Neredeyse hiçbir film, kitabı kadar güzel olmaz.  İçeriği ne olursa olsun, bir filmin kitabı gibi olmasını beklemek, o filme haksızlık olur.  Dünyanın en güzel insanları da rol olsa - ki genelde herhangi bir filmin oyuncuları gözleri acıtmaz - kafanızda yarattığınız karakter ile boy ölçüşemez. Dünyanın en iyi yönetmeni bile sizin hayal gücünüze güç katamaz. Günlerce okuduğunuz, kafanızda oynattığınız filmi sizin gibi oynatamaz. Kelime kelime özümsenerek yazılan, duyguları klavyeye aktarılan kitap, ilk kaybını senaryo yazılırken verir. Kitap duygu aktarmaya çalışırken, senaryo öncelikli olarak görsellik düşünülerek yazılır. Oyunculara ve yönetmenlere eleştiriler yağdıran eleştirmenlerin aslında ilk hedefi senaristler olmalı. 400-500 kelimelik bir kitabı doksan dakikalık bir filme aktarıp aynı duyguyu yakalamak imkânsıza yakın olsa gerek. Ancak iyi bir adaptasyon da yıllarca akıllarda kalacak bir filmin ilk adımıdır şüphesiz…

***

Merakla beklediğim ‘Karanlığın Elli Tonu’ bizim oralara gelene kadar, filmle ilgili dünyanın birçok yerinden eleştiriler okudum. Vizyona girdiği saniyeden itibaren  “Gördüğüm en kötü film”den, “Çekingen”e, “Birincisinden kötü”den “Dakota Johnson oynayamıyor”a kadar birçok yazı... “Rol yapamıyor” yazan eleştirmenlerin yazısının içine girip yorum yapmak istedim.
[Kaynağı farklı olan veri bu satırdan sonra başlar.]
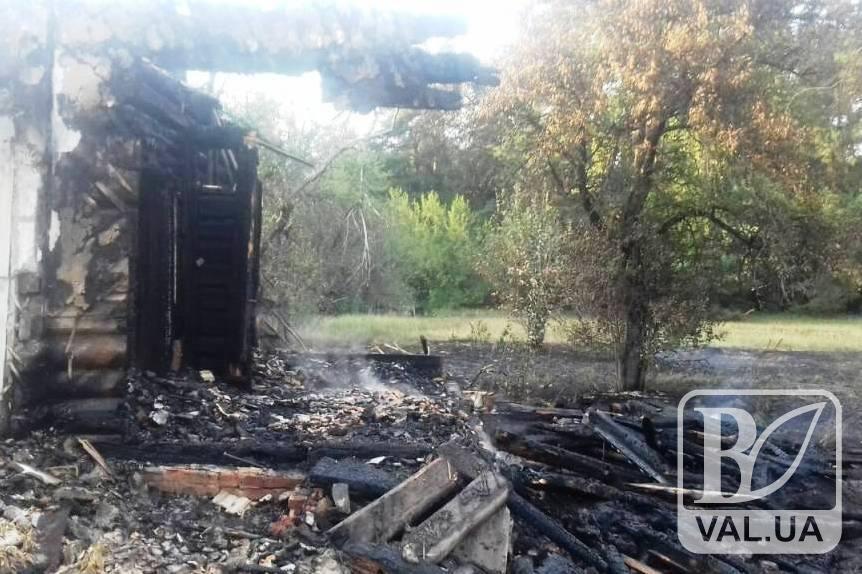На Чернігівщині через спалювання трави загорілась хата. ФОТО
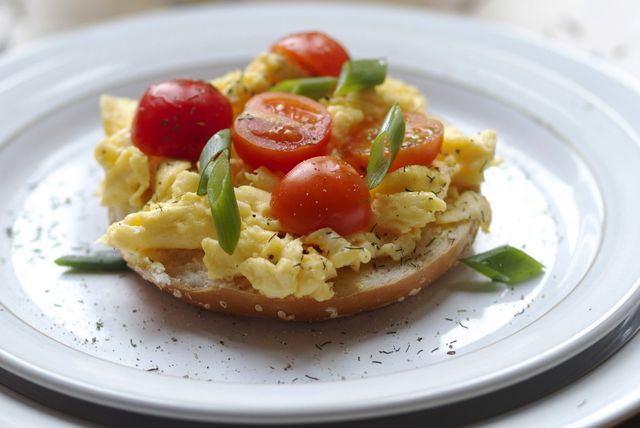 Omlet s mladim lukom i cherry rajčicama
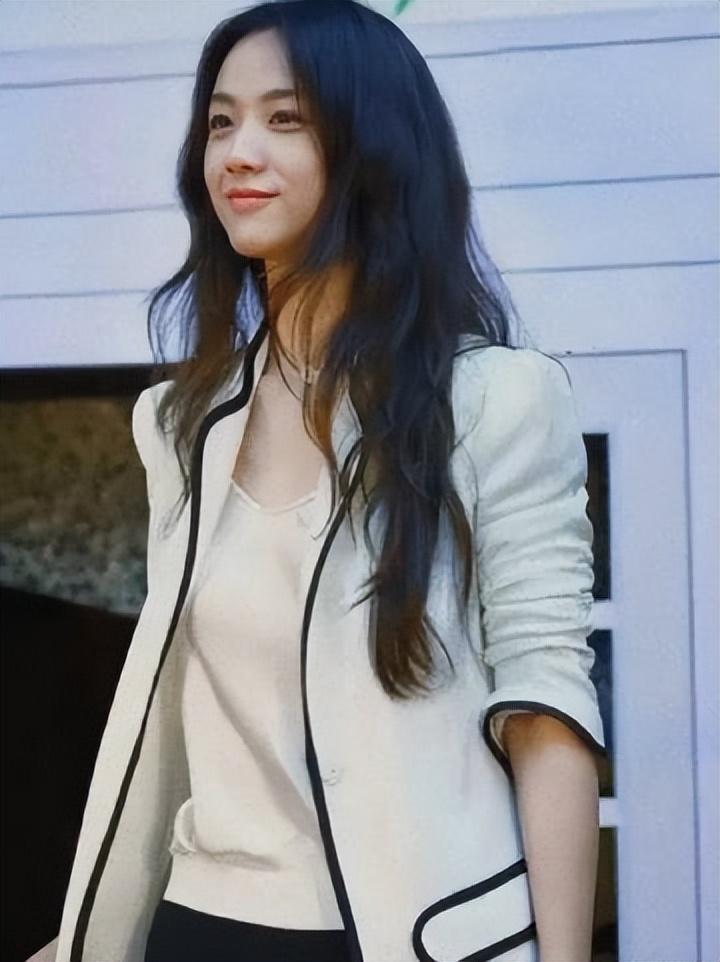 汤唯ai智能人脸替换造梦视频什么梗 汤唯ai换脸被C可以冲的视频实情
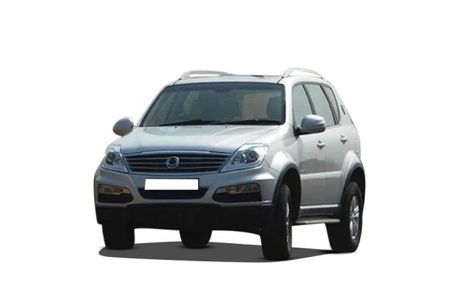 Mahindra Ssangyong Rexton Front Left Side Image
Özellikle de birinci filmde itaatkâr ve dominant ilişkisinin tanıtıldığı bir filmde tamamen çıplak ve kısa bir sahnede kesilmeden itaatkâr rolünü oynayan Dakota Johnson’un da, gerçek hayatta evli bir adam olan, kırmızı odadaki aletleri kullanmayı bile bilmeyen ve Kuzey İrlanda aksanıyla konuşan Jamie Dornan’ın da rol yapamadığıma katılmıyorum.  Hayalimizde canlandırdığımız karakterlerin ekrana yansımaması başka bir şey, rol yapamıyorlar demek başka…

***

Karanlığın Elli Tonu, E.L. James’in ilk kitabından uyarlanan serinin ilk filmi Grinin Elli Tonu’na göre biraz daha aşk kokan, seks sahneleri sık olsa da sevgi ağırlıklı, itaatkâr dominant ilişkisinden çıkıp gerçek ilişkiye döndüğünü anlatan bir film.  Filmin ana karakteri Christian Grey kağıt üzerinde dominant gözükse de, Karanlığın Elli Tonu’nda Anastasia Steel kendi haklarını savunan, lokantada yediği yemekten, iş hayatına, cinsel hayattan, sosyal hayata kadar hayatlarını her açıdan yöneten gizli bir dominanta dönüşüyor. Özellikle kadın izleyicilerine hoşuna giden güzel bir değişim. İlk filmdeki helikopter sahnesi kadar etkileyici bir sahne olmasa da, Christian Grey rolünü oynayan yakışıklı Jamie Dornan’ı da bir tık daha romantik görmek gözlere iyi geliyor. Bu filmde de cinsellik kadar Grey’in zevkleri kadar evleri, yatları, hizmetkârları, katıldığı davetler, yani hayat tarzı dikkat çekiyor.  Çocukluğumuzun Dallas ve Hanedan gibi dizilerinde yer alan “surata içki fırlatma” gibi bir iki komik sahne olsa da, filme romantik dram diyebiliriz. Bir Pazar günü keyifle seyredilebilecek kafa dağıtan light bir film. Çok düşünmeye ve çok eleştirmeye gerek yok. Devamı seneye…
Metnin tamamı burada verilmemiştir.